*Exercise goal:* Reproduce word for word the lines between those holding "Guinness - Metal" and "Women's Korean Style", inclusive, and nothing else from the data below.

══ Extracted records

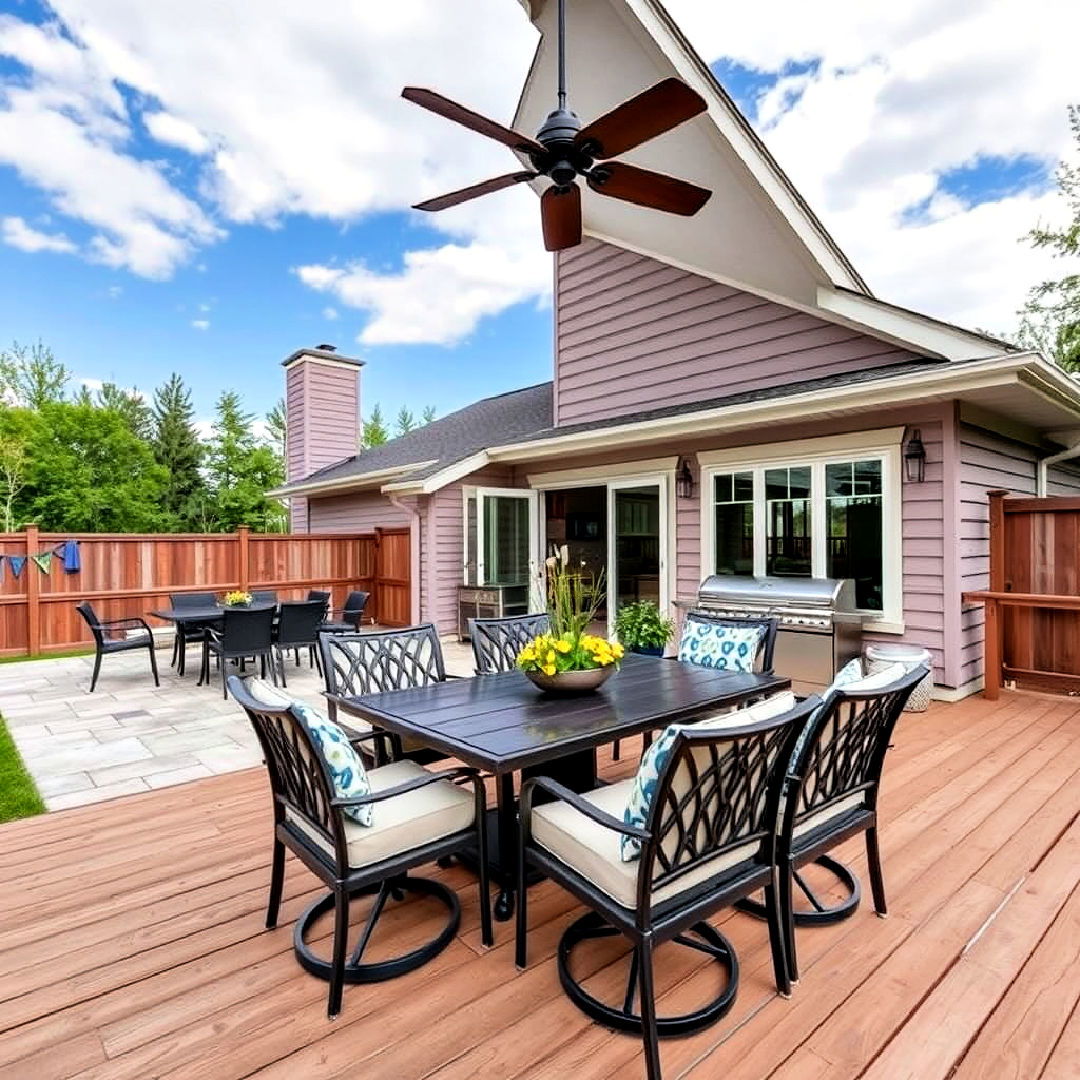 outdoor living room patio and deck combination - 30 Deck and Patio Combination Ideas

════
══ Extracted records

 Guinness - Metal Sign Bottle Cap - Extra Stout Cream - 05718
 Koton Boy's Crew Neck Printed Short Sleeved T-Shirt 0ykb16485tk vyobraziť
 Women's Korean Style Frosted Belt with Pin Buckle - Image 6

════

*Solution to the problem:*
 Guinness - Metal Sign Bottle Cap - Extra Stout Cream - 05718
 Koton Boy's Crew Neck Printed Short Sleeved T-Shirt 0ykb16485tk vyobraziť
 Women's Korean Style Frosted Belt with Pin Buckle - Image 6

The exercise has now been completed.